3. If so, what kind and how much?
4. They are currently in wire cages, do I need to put cardboard in there (so they aren't on the wire)?
5. If I put in hay, does it have to be a certain type? Or will any kind do?
Thanks for any info!


----------



## SA Farm (Apr 25, 2014)

Hi again 
1. I have hutches for the most part and use wooden nest boxes for my wire cages in the winter and hardware cloth ones with cardboard lining in the summer.
2. They don't *need* them, but it's a nice treat 
3. Root veggies, leafy greens, lawn clippings (as long as you don't use any chemicals on it), etc.
4. I put a small piece of plywood.
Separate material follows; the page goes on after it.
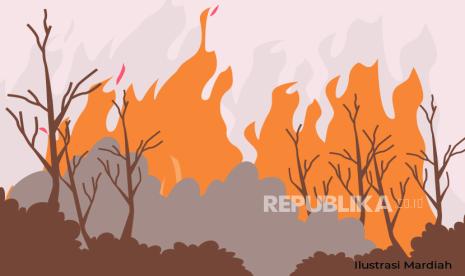 Ilustrasi Kebakaran Hutan. Kebakaran di Bukit Teropong berhasil dipadamkan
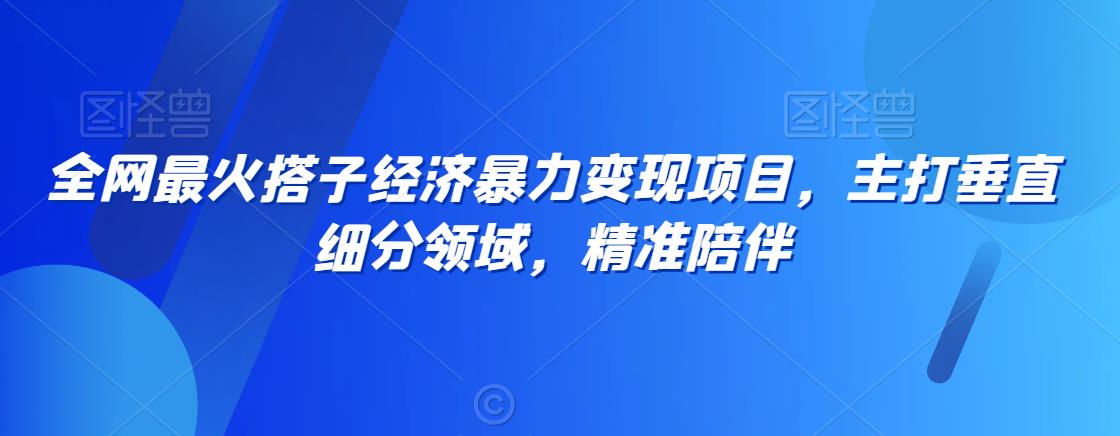 全网最火搭子经济暴力变现项目，主打垂直细分领域，精准陪伴【揭秘】-源创资源网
Easier to clean as the cardboard tends to get pee on it and sticks to the bars 
5. Usually a Timothy/grass mix


----------



## happy acres (Apr 25, 2014)

Thanks again!


----------



## Marinea (Apr 29, 2014)

1. My nest boxes are made from simple untreated wood, and are slightly bigger than the doe so she doesn't get used to being in it.
2&3. My rabbits get greens often, in addition to their pellets and hay. They get dandelions, kale, romaine, spinach, blackberry leaves, rose leaves, apple leaves and twigs, beet and carrot tops. If your buns are not used to greens, start slowly with small bits and work them up to larger amounts over time.
4. I have built small open-faced boxes for my buns to get on top of or inside when they like. Some use them, some don't. Another option for summer time is a large ceramic tile so they can cool off. Again, some of mine use it, some don't.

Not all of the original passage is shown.